TD-SV techniques described herein can be utilized to authenticate
an utterance as being from a particular user (instead of from
another registered user or a guest user). Optionally, TI-SV
techniques, speaker verification, facial verification, and/or other
verification technique(s) (e.g., PIN entry) can additionally or
alternatively be utilized in authenticating a particular user.
[0027] Additional and/or alternative assistant devices may be
provided and, in some of those implementations, speaker features
for particular TD-SVs for a user can be shared amongst assistant
devices for which the user is a registered user. In various
implementations, the assistant device 110 may optionally operate
one or more other applications that are in addition to automated
assistant client 104, such as a message exchange client (e.g., SMS,
MMS, online chat), a browser, and so forth. In some of those
various implementations, one or more of the other applications can
optionally interface (e.g., via an application programming
interface) with the automated assistant 100, or include their own
instance of an automated assistant application (that may also
interface with the cloud-based automated assistant component(s)
140).
[0028] Automated assistant 100 engages in human-to-computer dialog
sessions with a user via user interface input and output devices of
the client device 110. To preserve user privacy and/or to conserve
resources, in many situations a user must often explicitly invoke
the automated assistant 100 before the automated assistant will
fully process a spoken utterance. The explicit invocation of the
automated assistant 100 can occur in response to certain user
interface input received at the assistant device 110. For example,
user interface inputs that can invoke the automated assistant 100
via the assistant device 110 can optionally include actuations of a
hardware and/or virtual button of the assistant device 110.

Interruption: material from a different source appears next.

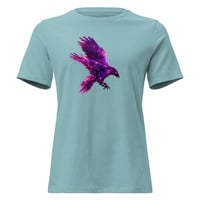 Image 7 of Women's Relaxed T-Shirt, Iridescent Purple Raven Mystical Crow Tee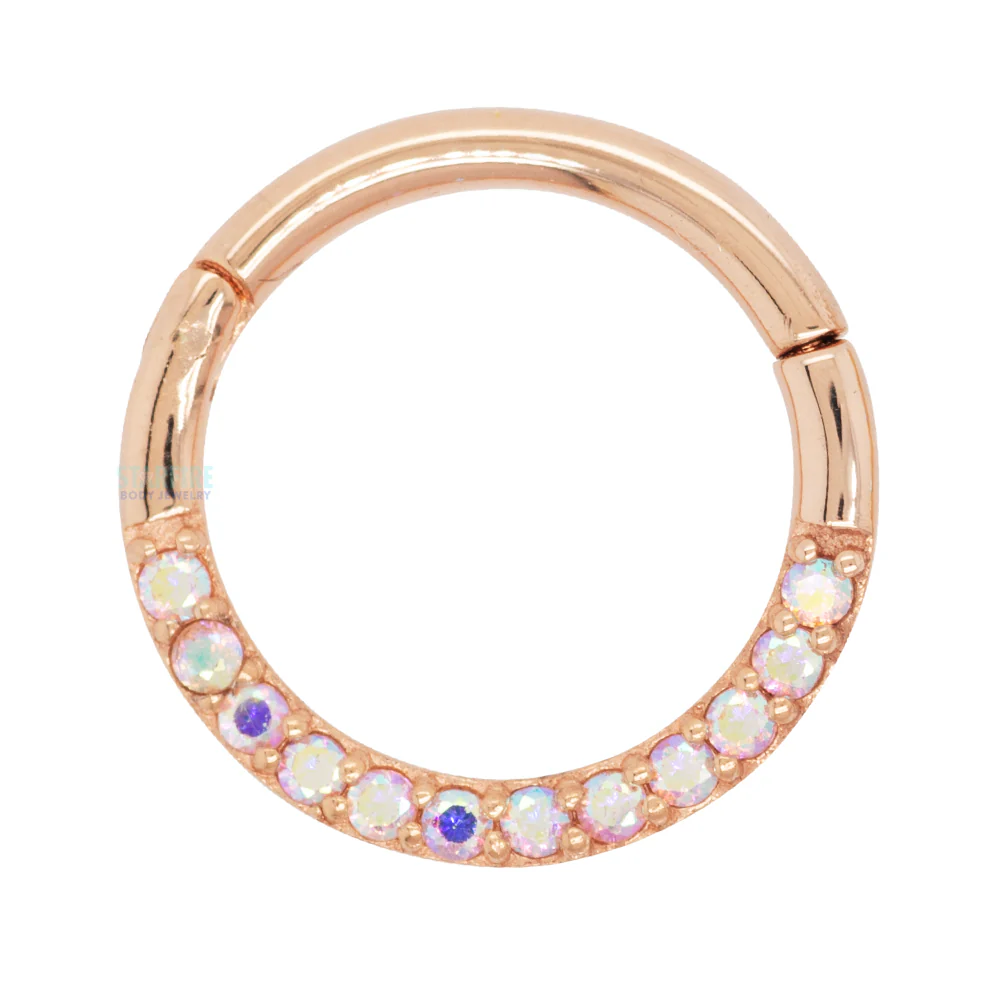 "Dia" Hinge Ring / Clicker in Gold with Mercury Mist Topaz - Image 6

Moreover, the automated assistant client can include one or more
local engines, such as an invocation engine that is operable to
detect the presence of one or more spoken general invocation
wakewords. The invocation engine can invoke the automated assistant
100 in response to detection of one of the spoken invocation
wakewords. For example, the invocation engine can invoke the
automated assistant 100 in response to detecting a spoken
invocation wakeword such as "Hey Assistant," "OK Assistant", and/or
"Assistant". The invocation engine can continuously process (e.g.,
if not in an "inactive" mode) a stream of audio data frames that
are based on output from one or more microphones of the assistant
device 110, to monitor for an occurrence of a spoken invocation
phrase. While monitoring for the occurrence of the spoken
invocation phrase, the invocation engine discards (e.g., after
temporary storage in a buffer) any audio data frames that do not
include the spoken invocation phrase. However, when the invocation
engine detects an occurrence of a spoken invocation phrase in
processed audio data frames, the invocation engine can invoke the
automated assistant 100. As used herein, "invoking" the automated
assistant 100 can include causing one or more previously inactive
functions of the automated assistant 100 to be activated. For
example, invoking the automated assistant 100 can include causing
one or more local engines and/or cloud-based automated assistant
components 140 to further process audio data frames based on which
the invocation phrase was detected, and/or one or more following
audio data frames (whereas prior to invoking no further processing
of audio data frames was occurring). For instance, local and/or
cloud-based components can process captured audio data using an ASR
model in response to invocation of the automated assistant 100.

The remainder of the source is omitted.